Redefining a genre must be heavy on the brain. That is the only plausible explanation for such a void left between studio releases for Erykah Badu. After five years, the unconventional nu soul goddess sought to make her grand return via the ambitious two part opus entitled New Amerykah, a utopia constructed by both segments of her brain; one, composed of socio-political themes concerning the outside world and the other, of her feelings concerning the sensitivity of affection and romance. A companion piece to The 4th World War, Return Of The Ankh strays from the political tones established on its predecessor and revisits her immaculate 1997 debut (Baduizm) and the delicate forms of intimacy it illustrated.

Produced by 9th Wonder, the jazzy undertones of “20 Feet Tall” pick up where Part One‘s “Honey” culminated, altering the tone of that album while shifting to a new radio frequency and providing a taste of what was to come on Ankh. The piano-driven “Window Seat” oozes Badu’s distinctive vulnerability and acts as the official single from the project. Erykah Badu is immersed in her love and constant pursuit of commerce on “Turn Me Away (Get Money)”, an absolute gem that contains an interpolation of the familiar “You Can’t Turn Me Away” by Sylvia Striplin. After paying tribute to the late J Dilla on Part One (“Telephone”), Erykah Badu revisits some of his funky production for “Love” where her harmonies echo the fine line between fear and love, reflecting on a lover she thought to be the superman she had always fantasized about.
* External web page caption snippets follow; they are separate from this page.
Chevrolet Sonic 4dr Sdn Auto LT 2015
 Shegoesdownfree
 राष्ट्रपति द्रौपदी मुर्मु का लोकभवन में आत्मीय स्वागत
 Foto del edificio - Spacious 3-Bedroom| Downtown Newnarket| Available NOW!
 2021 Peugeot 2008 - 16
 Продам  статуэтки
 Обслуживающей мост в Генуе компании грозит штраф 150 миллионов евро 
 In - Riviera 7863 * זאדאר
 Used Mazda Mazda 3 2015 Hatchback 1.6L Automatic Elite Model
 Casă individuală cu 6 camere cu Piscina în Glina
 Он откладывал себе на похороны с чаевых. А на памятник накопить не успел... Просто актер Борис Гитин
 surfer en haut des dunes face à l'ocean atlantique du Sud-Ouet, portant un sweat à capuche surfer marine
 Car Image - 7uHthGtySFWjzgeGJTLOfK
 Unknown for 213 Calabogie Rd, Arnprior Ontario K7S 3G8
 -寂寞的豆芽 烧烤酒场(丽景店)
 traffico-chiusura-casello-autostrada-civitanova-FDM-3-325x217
“Fall In Love (“Your Funeral”) issues another glimpse within Badu’s emotional state, providing fair warning to buyers (also paying tribute to the late Notorious B.I.G.) while portraying the danger in falling in love with the controlling neo-soul seductress. Part Two provides the New Amerykah saga with a crowning conclusion in the epic three-part siege “Out My Mind, Just In Time”, a melancholy ballad that explores the fragile mindstate and insecurities that can intoxicate a lovestruck woman, a “recovering undercover over-lover” as Erykah Badu describes it. As the ten minute piece forges along, Erykah endures constant breaks with reality, first into a state of madness before eventually arriving into a state of acceptance in the closing portion.

While not a complete carbon copy of Baduizm, the organic sounds of Return Of The Ankh recapture the emotional state Erykah Badu echoed on her timeless 1997 masterpiece albeit with slightly futuristic soundscapes. Utilizing (nearly) the same stable of producers for both pieces, the vision of both The 4th World War and Return Of The Ankh was a depiction of the two as equal counterparts, neither outweighing the other nor as separate entities. The beautiful album artwork (provided by Emek) is foreboding, depicting Erykah’s liberation from the robotic casing she created as a safeguard and freeing the woman music fell in love with: “a singer with some thing on her head, similar to the turban that I covered up my dreads with (at the time)”.